Void Galaxies Follow a Distinct Evolutionary Path in the Environmental COntext Catalog

TL;DR

This study investigates how void galaxies differ from non-void galaxies in properties like mass, color, and star formation, revealing that void galaxies are typically bluer, more gas-rich, and more star-forming, even at fixed mass and morphology.

Contribution

It provides the first detailed comparison of void and non-void galaxy properties controlling for mass and morphology, and demonstrates that simple galaxy-halo matching models can reproduce observed trends.

Findings

Void galaxies have lower baryonic masses than denser environment galaxies.

Void galaxies are bluer, more gas-rich, and have higher star formation rates at fixed mass.
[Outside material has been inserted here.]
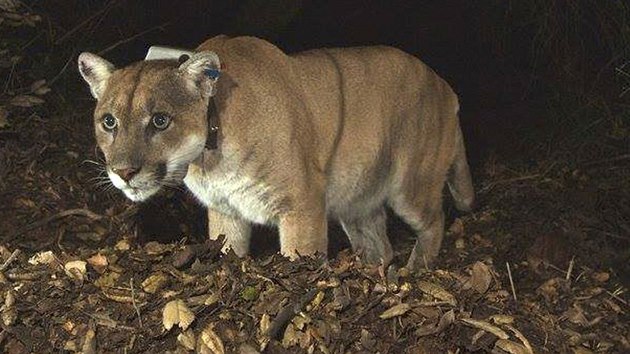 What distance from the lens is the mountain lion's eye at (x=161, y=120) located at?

Mock catalogs with galaxy assembly bias can replicate environmental trends observed in ECO.

Abstract

We measure the environmental dependence, where environment is defined by the distance to the third nearest neighbor, of multiple galaxy properties inside the Environmental COntext (ECO) catalog. We focus primarily on void galaxies, which we define as the $10 \%$ of galaxies having the lowest local density. We compare the properties of void and non-void galaxies: baryonic mass, color, fractional stellar mass growth rate (FSMGR), morphology, and gas-to-stellar-mass ratio (estimated from a combination of HI data and photometric gas fractions calibrated with the RESOLVE survey). Our void galaxies typically have lower baryonic masses than galaxies in denser environments, and they display the properties expected of a lower mass population: they have more late-types, are bluer, have higher FSMGR, and are more gas rich. We control for baryonic mass and investigate the extent to which void galaxies are different at fixed mass. Void galaxies are bluer, more gas-rich, and more star forming at fixed mass than non-void galaxies, which is a possible signature of galaxy assembly bias. Furthermore, we show that these trends persist even at fixed mass and morphology, and we find that voids host a distinct population of early-types that are bluer and more star-forming than the typical red and quenched early-types. In addition to these empirical observational results, we also present theoretical results from mock catalogs with built-in galaxy assembly bias. We show that a simple matching of galaxy properties to (sub)halo properties, such as mass and age, can recover the observed environmental trends in ECO galaxies.